3, pull the neck: people sit up straight, chest and abdomen, bring a towel or tie, gently hold both ends behind the neck, and then gently press. But pay attention to the method. When you hold a towel, gently pull down your neck, don't make your arms stiff, and don't pull hard. It's no use. When doing it, the head is gently tilted back and the towel is gently pulled down, which will have a very good rehabilitation effect on the uprightness and tensile resistance of the cervical spine. At the same time, it can also relieve fatigue, make the cervical spine develop in the right bending direction, and is also conducive to maintaining normal physiological bending. Relieve cervical pain.

4. Stretch back: Put your hands behind your neck and lean your head back as far as possible. This is a rebellious action, which is beneficial to the normal physiological bending of cervical spine.

5, lateral extension: stand at attention, head to the left, right hand straight force, and then change the opposite direction.

6. Pull-ups: face the horizontal bar and stand naturally, then swing your arms backwards, jump up, spread your hands shoulder width apart, hold the bar, and hang your body in a straight arm position.

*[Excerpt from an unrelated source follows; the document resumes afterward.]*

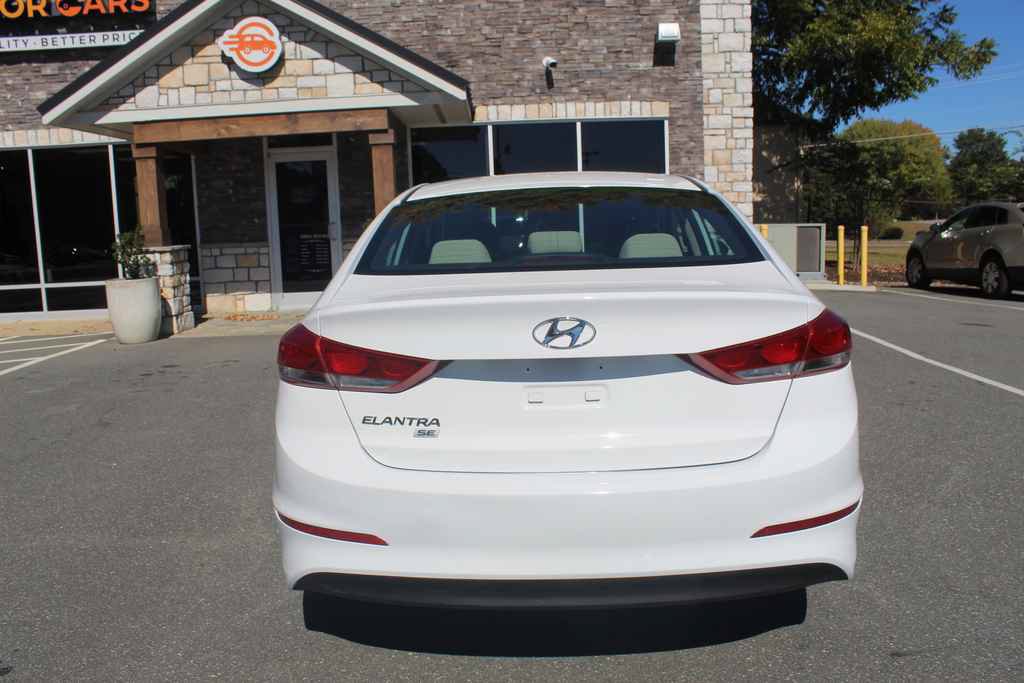 Used 2018 Hyundai Elantra SE FWD image 6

After the body stops shaking, both arms exert force at the same time and pull up (the body can't have any extra movements); When the mandible exceeds the upper edge of the bar, it returns to the straight arm suspension posture, which is 1 time.

7. Push-ups: Keep your arms shoulder-width, then put your feet together, touch the ground with your toes, slowly lower your body, bend your elbows with your hands, pause for a moment when it drops to 2~3 cm, then push your arms up hard and repeat this action.

8, sit-ups: Don't hold the back of your head with your hands, but put your hands gently behind your neck, don't use force, just drag hard.